There is a very steep climb up to the the fortress up narrow cobbled streets. The top of the rock has been settled since the 10thC and was home to the powerful Polignac family. As Vicomptes de Velay they were in a continuous power struggle with the bishop of Le Puy-en-Velay. Their fortress reflects this. It could accommodate 1000 people and the Vicomtes had permission to mint money.
The remains of the 11thC chapel are the oldest part of the site. It was protected by a defensive wall with six fortified gateways. The donjon dates from the 14thC and was built during the Hundred Years War. By the end of the 15thC more comfortable accommodation was needed and a new block was added for the vicomte and his family. By the 17thC the need for a defensive residence had passed and the family abandoned Polignac to live in the much more comfortable and luxurious Château de Lavoûte-Polignac.
Only two of the original six gateways survive, reached by a long climb up a path between tall banks. The fifth gate is an archway through the curtain wall. It would originally had a drawbridge over a dry pit and the slits in the wall for the drawbridge axles are still visible. Above is a murder hole.
It leads into what is described as the ‘Mousehole’ between the fifth and sixth gateways. Visitors to the castle could be held here and if decided they were a danger were subjected to fire from surrounding soldiers. They meant business as there are are two canon loopholes by the sixth gateway. The small ticket office is here which has a free guide in English.
The sixth gateway leads into the site. The level inside was raised artificially when soil was brought up in the 19thC when the site guardians had a small farm here. Ahead is the former guardhouse which has an exhibition about Polignac and an exhibition about food in the Middle Ages in the adjacent building. These buildings are in reasonable condition as they were used as a barn and stable in the 19thC. Beyond are the remains of workshops and the probably site of the mint as well as the kitchens with a bread oven.
From here, steps lead up to the rampart walk where there are excellent view. This goes past the round Géhenne Tower which had a prison in the basement to the donjon. This originally had five floors reached by spiral staircase. The ground floor was used for storage with living quarters above. On the first floor there is an exhibition about the Polignac Foundation. It is possible to climb the 141 stairs to the roof terrace, but it was a very hot day, so we didn’t bother.
On the ground floor is a display of carved stones collected from round the site. The most famous is the ‘Apollo Mask’. There is a legend that the site had been a place of worship dedicated to Apollo, the god of oracles, and members of the family were priests. The story is told that the priests would greet pilgrims at the base of the rock and ask some general questions. The pilgrims would make their way to the top of the rock while the priests entered underground passageways which brought them to the bottom of the well. Here they prepared answer to the questions and lit a fire to boil water in a cauldron. The smoke and steam floated up the well to fill the temple with a satisfying mist. When the the pilgrims arrived in the temple the ‘oracle’ mask would answer their questions with the well amplifying their voices.
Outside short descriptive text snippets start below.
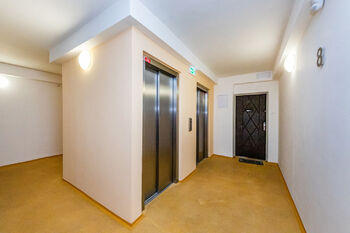 Pronájem bytu 1+kk v družstevním vlastnictví 32 m², Praha 6 - Vokovice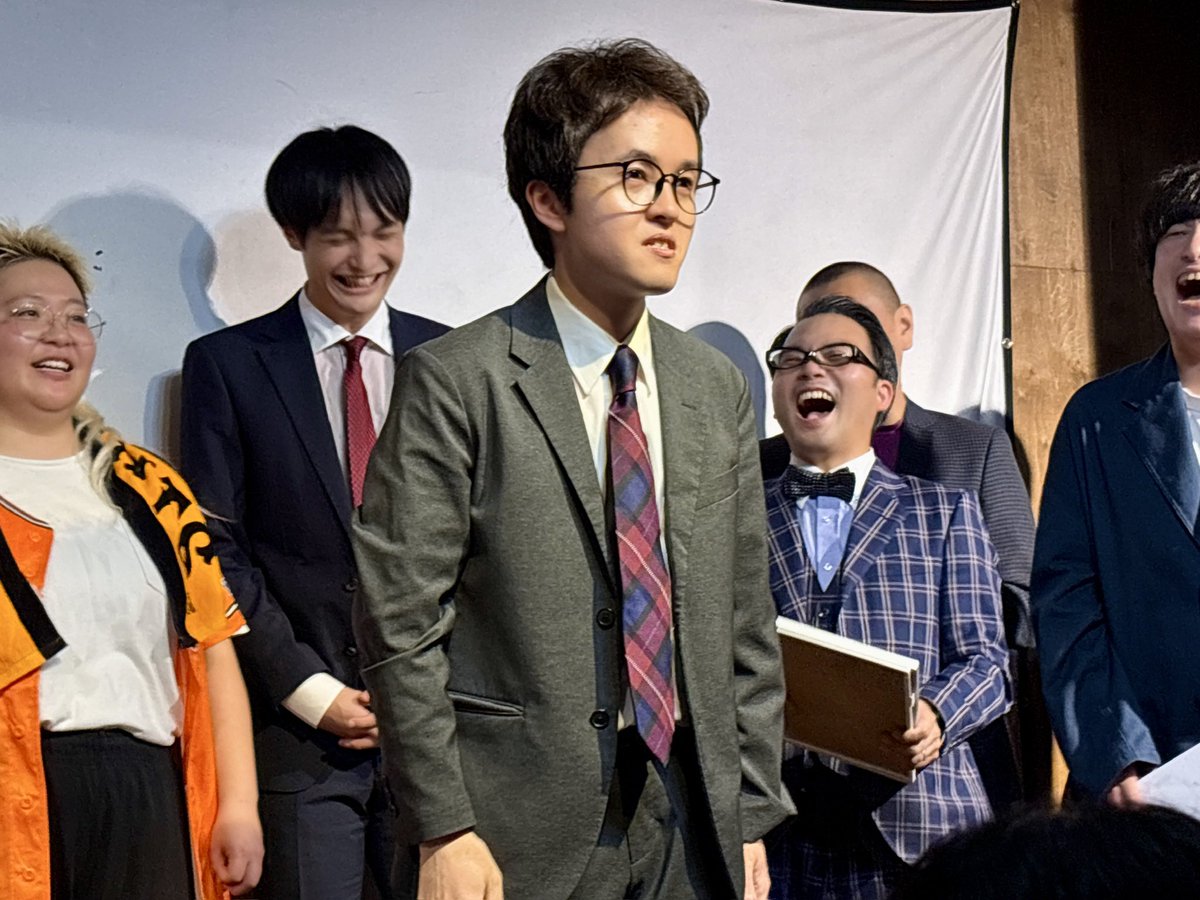 cidercider___'s tweet photo. 月曜夜のネタと企画、コバシさんが翁長さんを押し出す形で自己紹介ギャグの時間が始まってたまらなかった。ベンジャミン・オクムラ… https://t.co/W40Tuzwwoy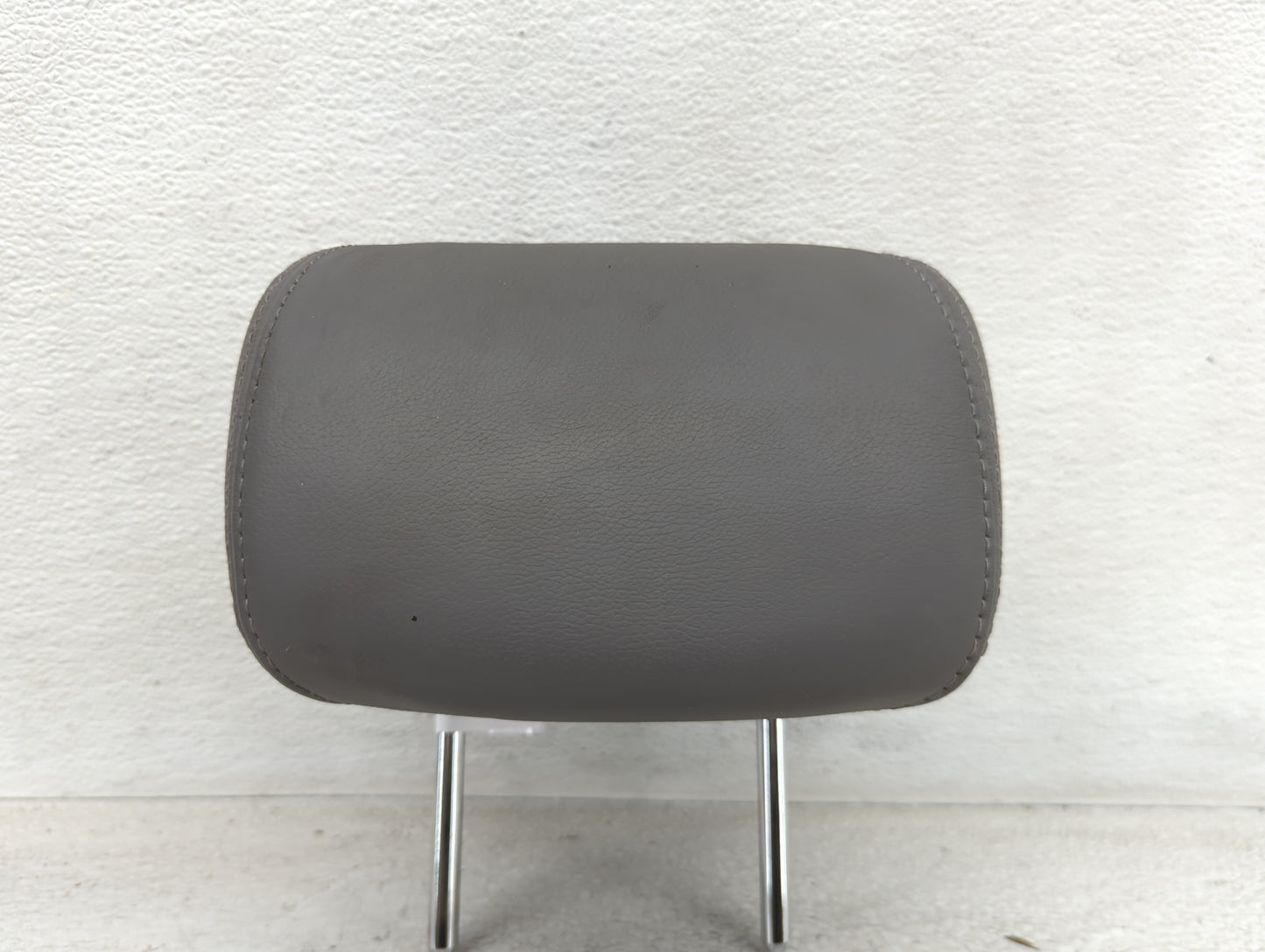 2013 Hyundai Sonata Headrest Head Rest Rear Seat Fits OEM Used Auto Parts - Oemusedautoparts1.com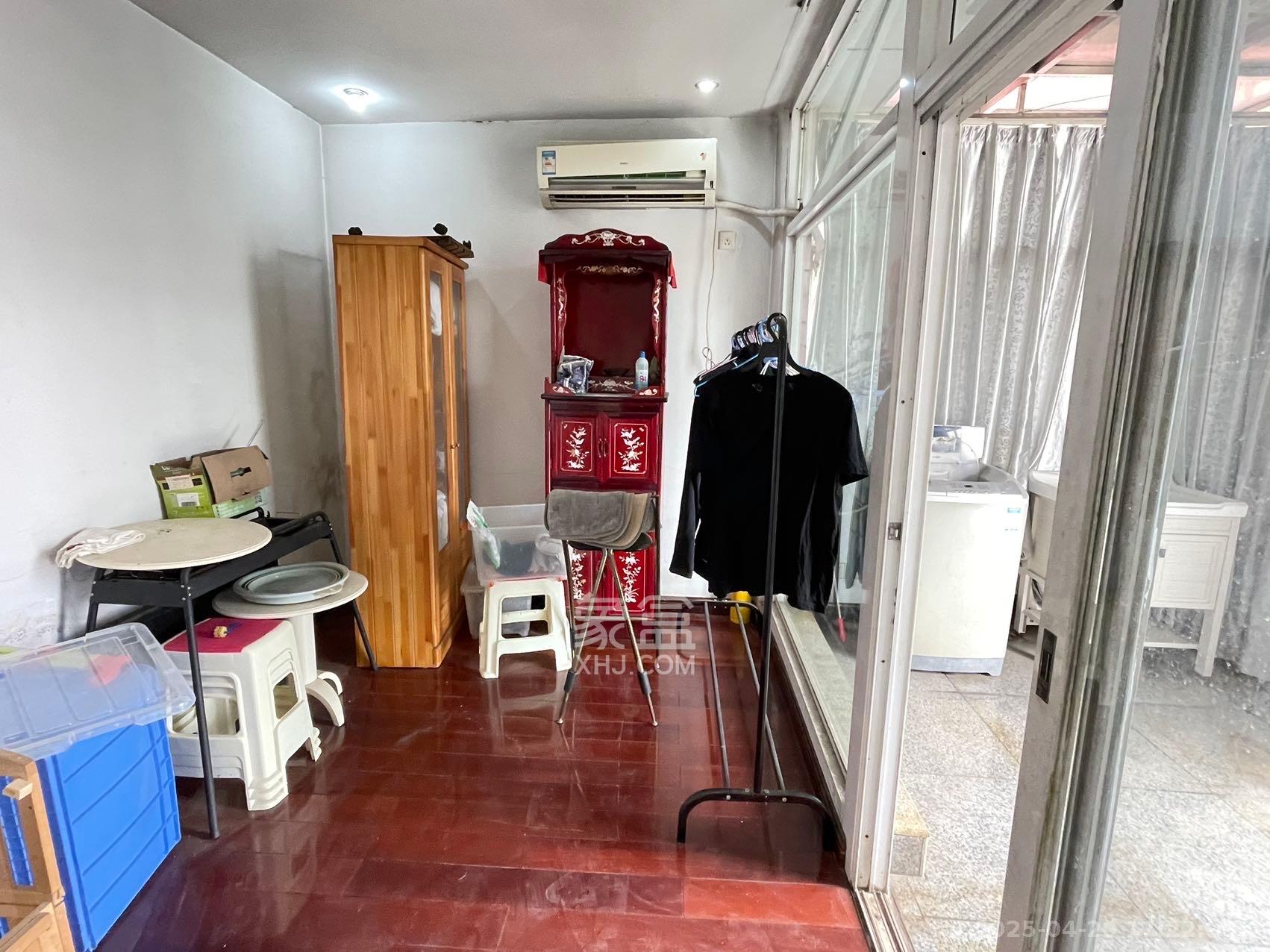 愉景花园 4室2厅2卫 4800.0元/月 愉景花园 4室2厅2卫 4800.0元/月室内图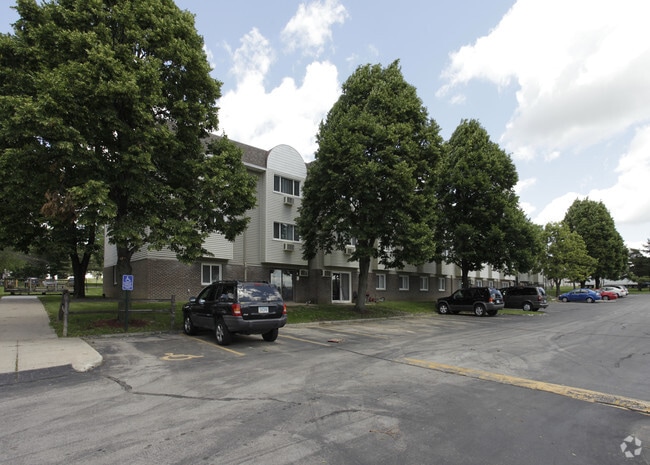 Douglas Park Apartments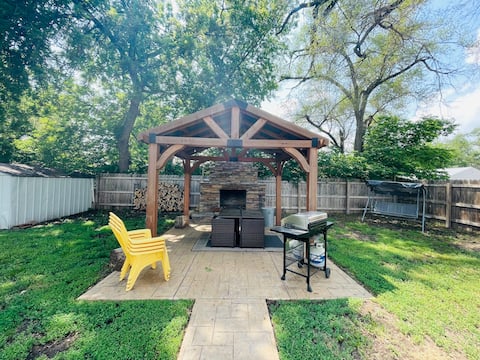 Cozy 3BR, Theater Room & Firepit
No Cleaning Fee!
This makes a good story but is a bit of a con, as the mask is actually of Neptune and was probably a fountain mask and water flowed out of a lead pipe from the mouth.
Beyond the donjon are the fenced off remains of the original 12thC residence and the later Vicomte building. The oracle well is between the two. Beyond these are the scant remains of the chapel with an early cemetery. Beyond, the curtain wall is now just a tall wall of a single layer of stone.
This is a beautiful site and well worth the climb up to it.